Without the pictures, write out all the lines below exactly as they appear.

= Beginning of Section =

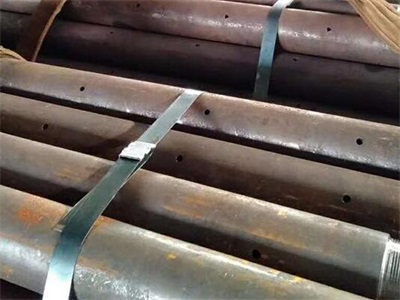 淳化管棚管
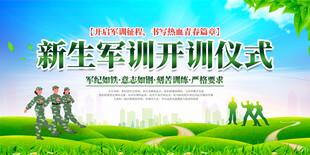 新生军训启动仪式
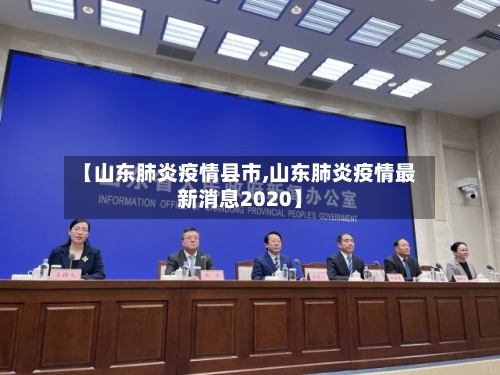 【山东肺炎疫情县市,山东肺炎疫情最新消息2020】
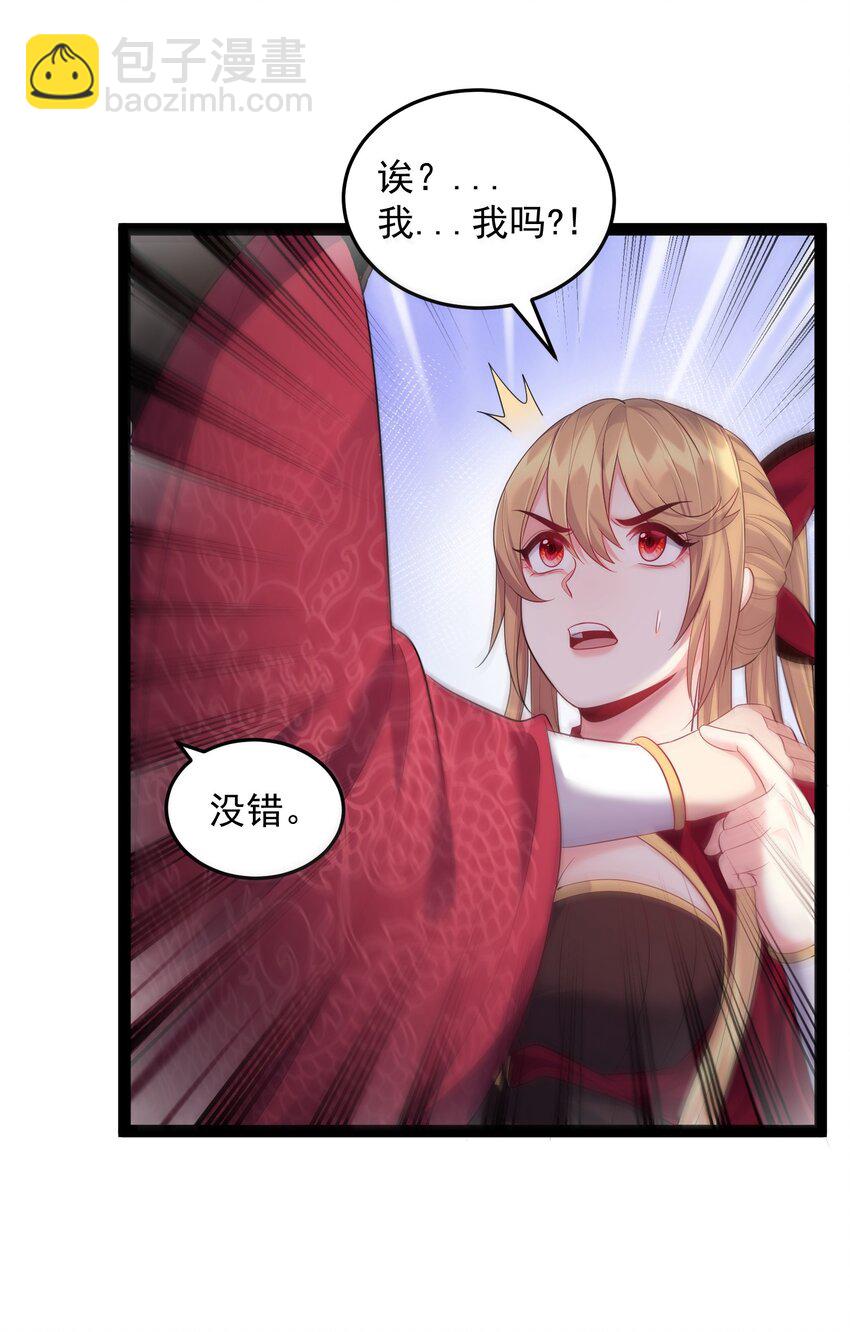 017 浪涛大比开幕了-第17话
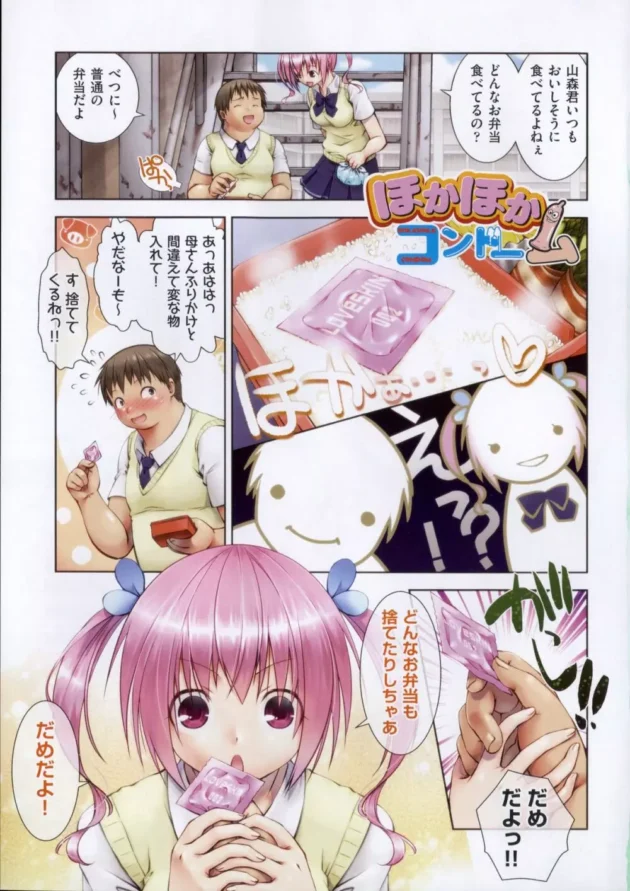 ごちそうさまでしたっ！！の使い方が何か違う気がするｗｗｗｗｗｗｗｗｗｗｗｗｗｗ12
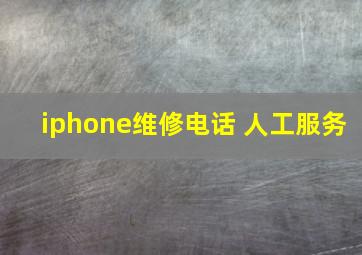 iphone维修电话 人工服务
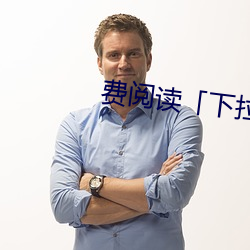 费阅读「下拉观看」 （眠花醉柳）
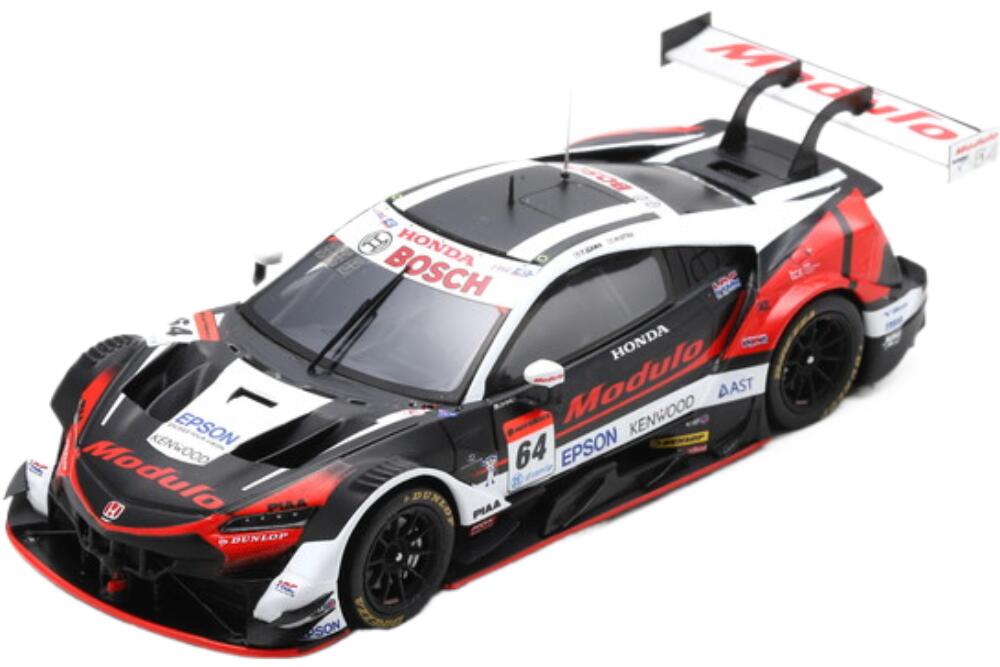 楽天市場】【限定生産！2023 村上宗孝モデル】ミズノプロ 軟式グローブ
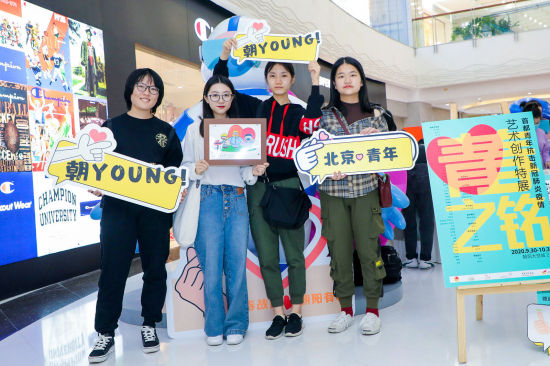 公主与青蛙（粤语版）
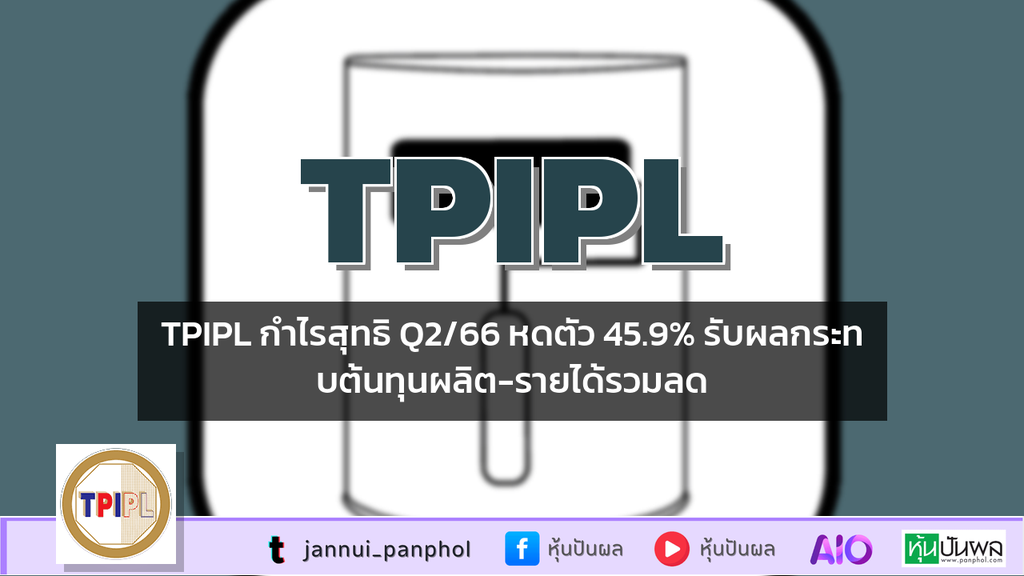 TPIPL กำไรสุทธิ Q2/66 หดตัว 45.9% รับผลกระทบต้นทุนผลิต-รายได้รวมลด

= End of Section =

Exercise response |
 淳化管棚管
 新生军训启动仪式
 【山东肺炎疫情县市,山东肺炎疫情最新消息2020】
 017 浪涛大比开幕了-第17话
 ごちそうさまでしたっ！！の使い方が何か違う気がするｗｗｗｗｗｗｗｗｗｗｗｗｗｗ12
 iphone维修电话 人工服务
 费阅读「下拉观看」 （眠花醉柳）
 楽天市場】【限定生産！2023 村上宗孝モデル】ミズノプロ 軟式グローブ
 公主与青蛙（粤语版）
 TPIPL กำไรสุทธิ Q2/66 หดตัว 45.9% รับผลกระทบต้นทุนผลิต-รายได้รวมลด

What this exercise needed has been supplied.